Choose Kimi K2.5 when coding workflow support and broader provider choice are central to the workload. Choose Qwen3.5-4B when long-context analysis and larger context windows are more important. For production, rerun your own prompts through the exact provider, region, and tool stack you plan to ship. This keeps the decision grounded in measurable tradeoffs instead of brand-level assumptions. It also helps separate model capability from provider packaging, which can change cost and latency. For teams standardizing a stack, that distinction is often the difference between a benchmark win and a reliable deployment.

FAQ

Which has a larger context window, Kimi K2.5 or Qwen3.5-4B?

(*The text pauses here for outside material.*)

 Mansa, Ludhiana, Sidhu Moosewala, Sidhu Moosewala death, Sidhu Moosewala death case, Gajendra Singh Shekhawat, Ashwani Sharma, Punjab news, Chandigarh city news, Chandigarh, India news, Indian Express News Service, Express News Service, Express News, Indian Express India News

Qwen3.5-4B supports 262k tokens, while Kimi K2.5 supports 256k tokens. That gap matters most for long documents, large codebases, retrieval-heavy agents, and conversations where earlier context must remain visible. Use this as a quick comparison signal, then confirm the provider-specific limits before committing to production.

Is Kimi K2.5 or Qwen3.5-4B open source?

Kimi K2.5 is listed under MIT. Qwen3.5-4B is listed under Apache 2.0. License labels affect whether you can self-host, redistribute weights, or rely only on hosted APIs, so confirm the upstream license before deployment.

Which is better for vision, Kimi K2.5 or Qwen3.5-4B?

Qwen3.5-4B has the clearer documented vision signal in this comparison. If vision is mission-critical, validate it against the provider endpoint because model-level support and API-level exposure can differ. Use this as a quick comparison signal, then confirm the provider-specific limits before committing to production.

Which is better for multimodal input, Kimi K2.5 or Qwen3.5-4B?

Qwen3.5-4B has the clearer documented multimodal input signal in this comparison. If multimodal input is mission-critical, validate it against the provider endpoint because model-level support and API-level exposure can differ.

Which is better for function calling, Kimi K2.5 or Qwen3.5-4B?

Kimi K2.5 has the clearer documented function calling signal in this comparison. If function calling is mission-critical, validate it against the provider endpoint because model-level support and API-level exposure can differ.

Where can I run Kimi K2.5 and Qwen3.5-4B?

Kimi K2.5 is available on Fireworks AI, OpenRouter, Together AI, Fireworks AI, and NVIDIA NIM. Qwen3.5-4B is available on the tracked providers still being sourced. Provider coverage can affect latency, region availability, compliance posture, and fallback options.

Continue comparing

Last reviewed: 2026-05-22. Data sourced from public model cards and provider documentation.